Zina eden birisi nasıl tövbe etmelidir?
Cevap: İşlediği günahtan pişmanlık duyacak, ama samimi bir pişmanlık... Allah'a (CC) o günahı affetmesi için yalvarılacak. Mümkünse gözyaşı dökülerek. Bir daha o günaha girilmeyeceğine, o günahı işlemeyeceğine söz verilecek. O günahı bir daha gerçekten işlemeyecek. Bunları yaptığı zaman tövbe etmiş olur ve biz bu tür tövbeye nasuh tövbesi diyoruz. Kur'an-ı Kerim'de de bu emredilir.
https://www.instagram.com/p/ClGl0j-DwIy/
TÖVBE NE DEMEKTİR?
🔶 Arapça'da tevbe (tevb, metâb) "geri dönmek, rücû etmek, dönüş yapmak" anlamlarına gelir ve "dinde yerilmiş şeyleri terkderek övgüye lâyık olanlara doğru yönelme" şeklinde tanımlanır. Kur'ân-ı Kerim'de tövbe kavramı seksen sekiz yerde geçer ve otuz beş yerde Allah'a (CC), diğer ayetlerde ise insanlara nisbet edilir.
🔶 Naslarda tövbenin ve mana yakınlığı içinde bulunduğu rücû, inâbe, evbe, gufrân ve af kavramlarının kullanılışı göz önüne alındığında tövbenin bezm-i elestte Allah (CC) ile kul arasında yapılan ahdin tazelenmesini ya da insanların fıtrat çizgisine dönmesini ve onu korumasını ifade ettiği anlaşılır.
📌Nas ne demektir?
Hüküm kaynağı olarak Kur'an ve sünnet ifadelerini, Allah'ın (CC) ve Peygamber'in (SAV) sözlerini ifade eden bir kavramdır.

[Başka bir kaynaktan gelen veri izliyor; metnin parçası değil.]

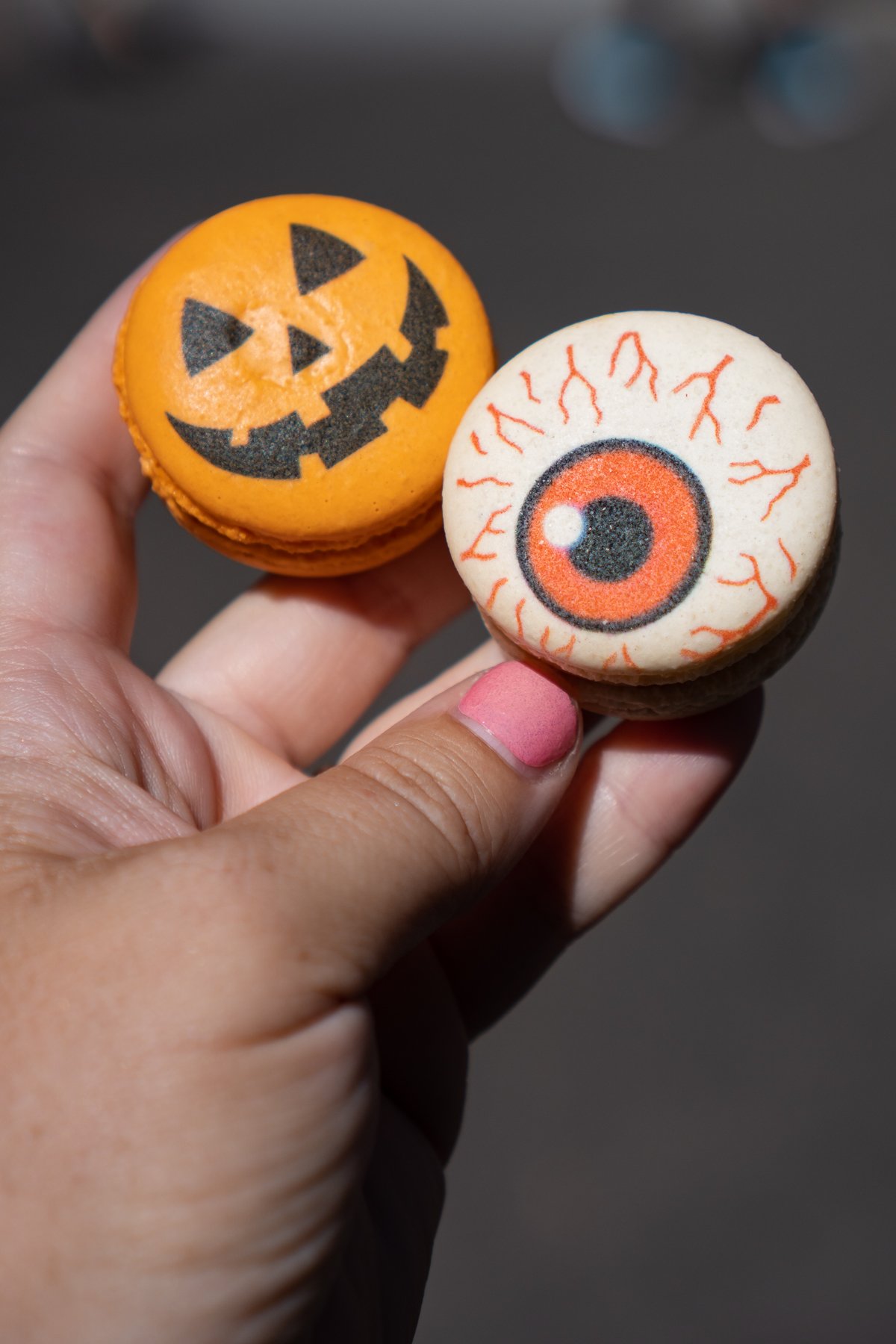 hand holding a pumpkin and eyeball macaron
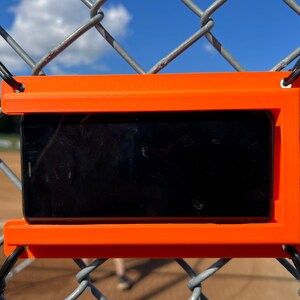 May include: A bright orange rectangular plastic smartphone mount secured to a chain-link fence with black elastic cords. The mount features a horizontal slot designed to hold a black smartphone securely in a landscape orientation for recording.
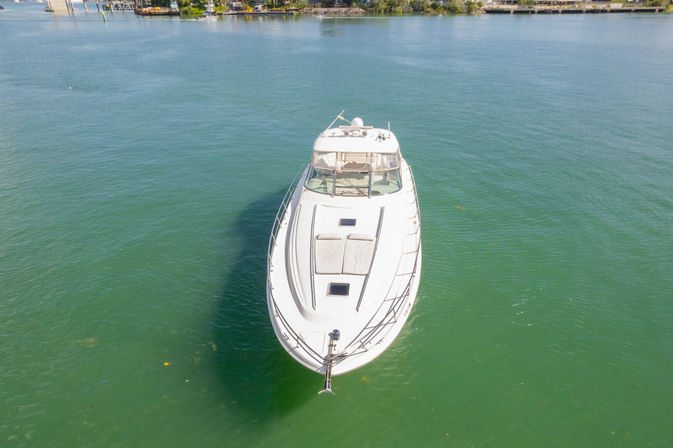 Aerial photo of a sleek white luxury yacht floating in clear turquoise coastal harbor water near a marina.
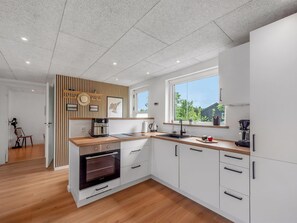 A modern kitchen with a built-in oven, a coffee maker, and a window providing a view of the outdoors. - "Jonnhild" - 100m to the fjord by Interhome (Tarm)
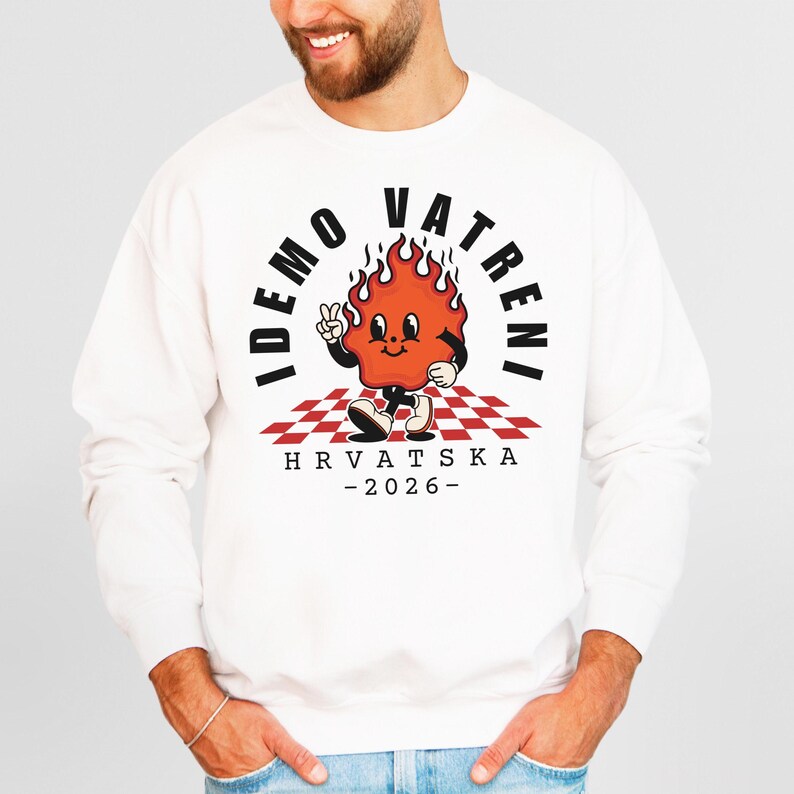 May include: White sweatshirt featuring a cartoon flame character with the text "IDEMO VATRENI" and "HRVATSKA - 2026". The design includes a red and white checkered pattern and a peace sign.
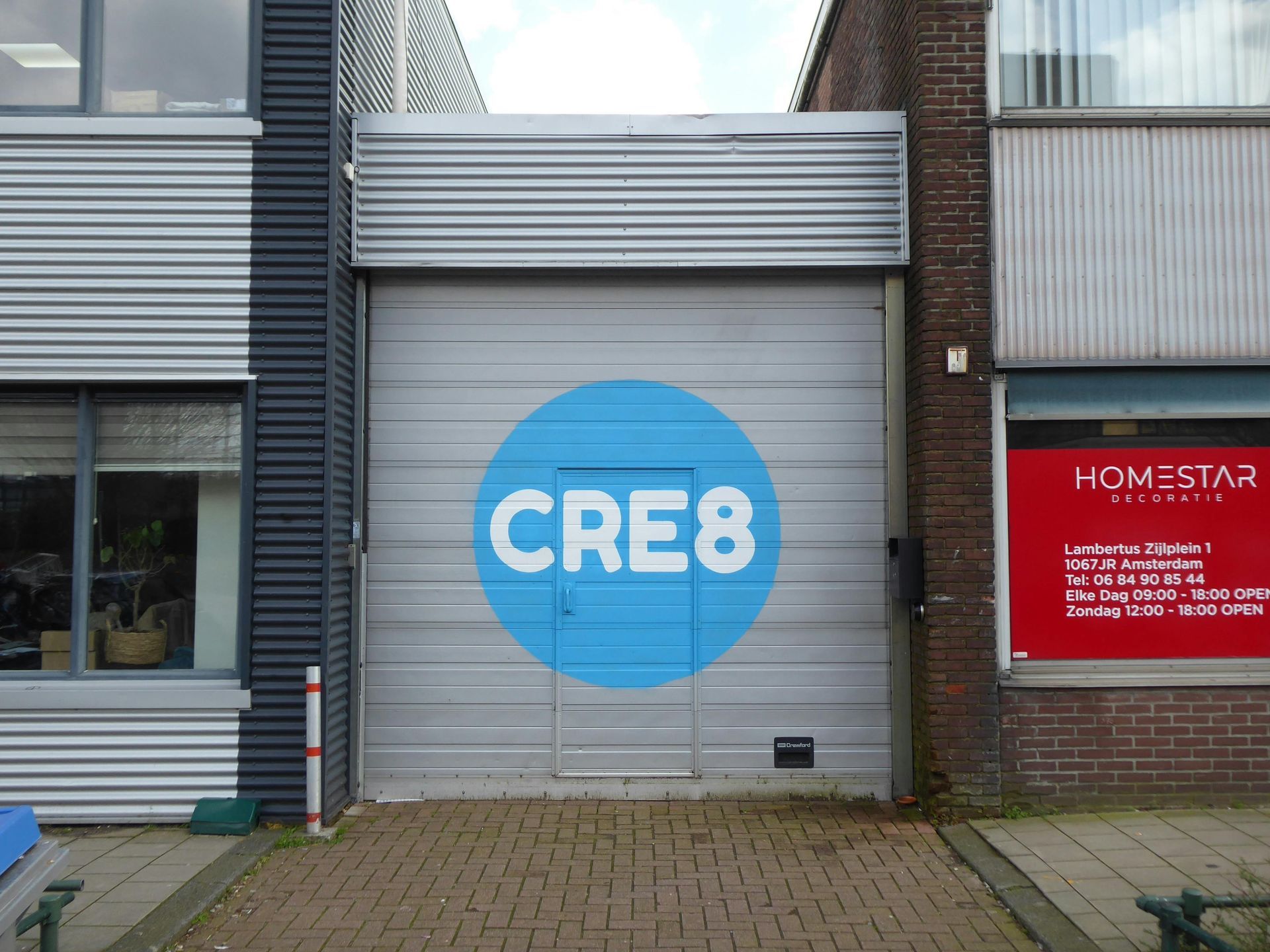 Storefront with a blue CRE8 sign on a gray roller door, next to a red HOMESTAR sign.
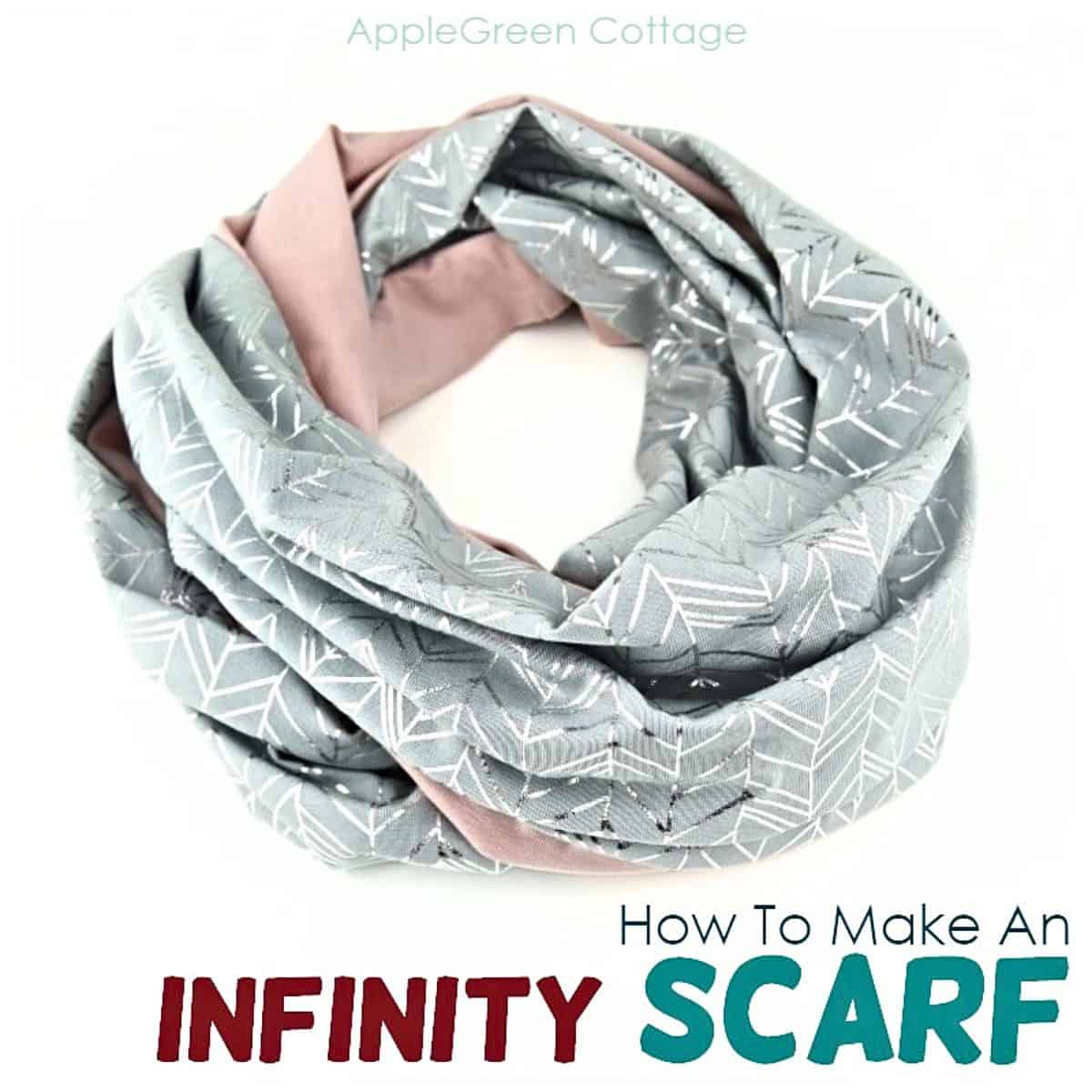 a finished knit jersey infinity scarf softly wrapped on a white surface.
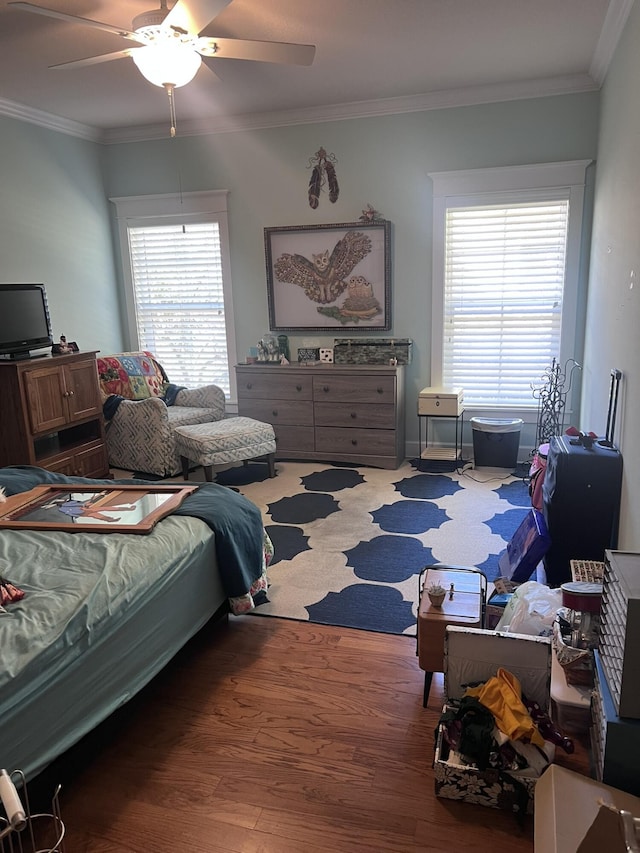 bedroom with multiple windows, a ceiling fan, wood finished floors, and crown molding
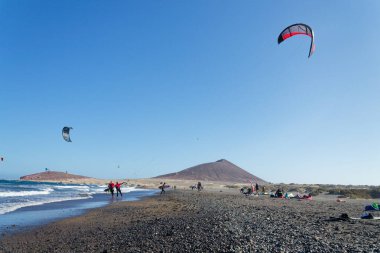 İnsanlar 8 Temmuz 2019 'da İspanya' nın El Medano şehrinde Granadilla de Abona belediyesinde Playa de Leocadio Machado plajında sörf, uçurtma ve rüzgar sörfü yapıyorlar..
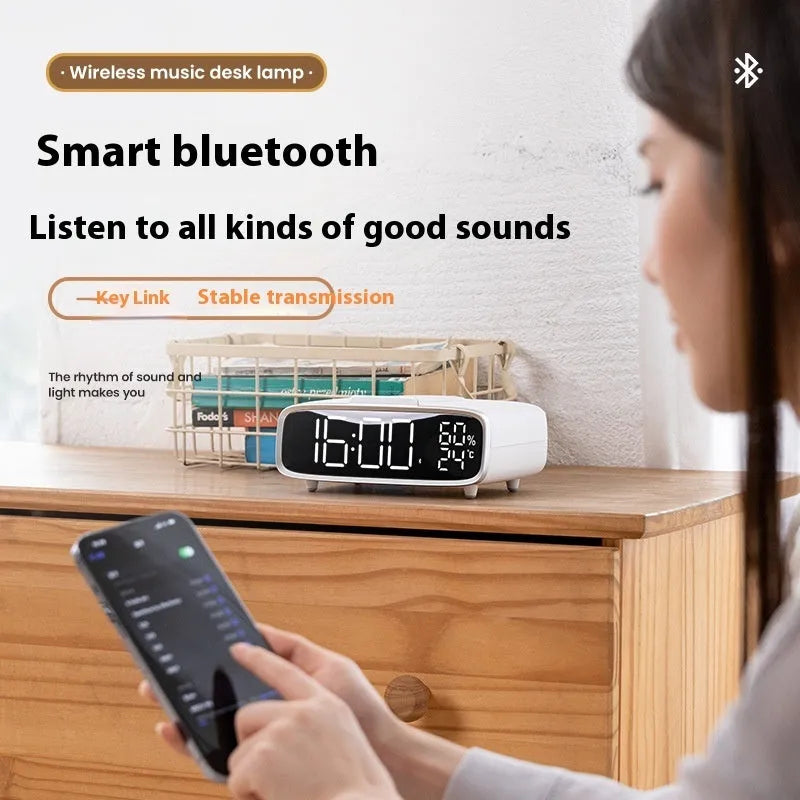 White Bluetooth speaker and wireless charging pad with integrated colour-changing night light on a bedside table.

📌Bezm-i elest ne demektir?
Allah'la (CC) yaratılışları sırasında insanlar arasında yapıldığı kabul edilen sözleşme için kullanılan bir tabir.
🔶 Kişinin işlediği günahlar, Allah Teâlâ ile iman arasındaki bağı zedeler ve her zaman vaadini ve ahdini gerçekleştiren Allah'dan (CC) onu uzaklaştırır. Tövbe de bu uzaklaşmaya son vermeye yönelik bir çaba olarak görülür.
🔶 Dolayısıyla tövbe, ruhun Allah'a (CC) açılışını ve yücelişini hedefleyen bir dua niteliği taşır. Kur'an ve hadislerde yer alan tövbe ve istiğfar ifadelerinin çoğu dua ve niyaz üslûbunda olması bakımından dikkat çekicidir.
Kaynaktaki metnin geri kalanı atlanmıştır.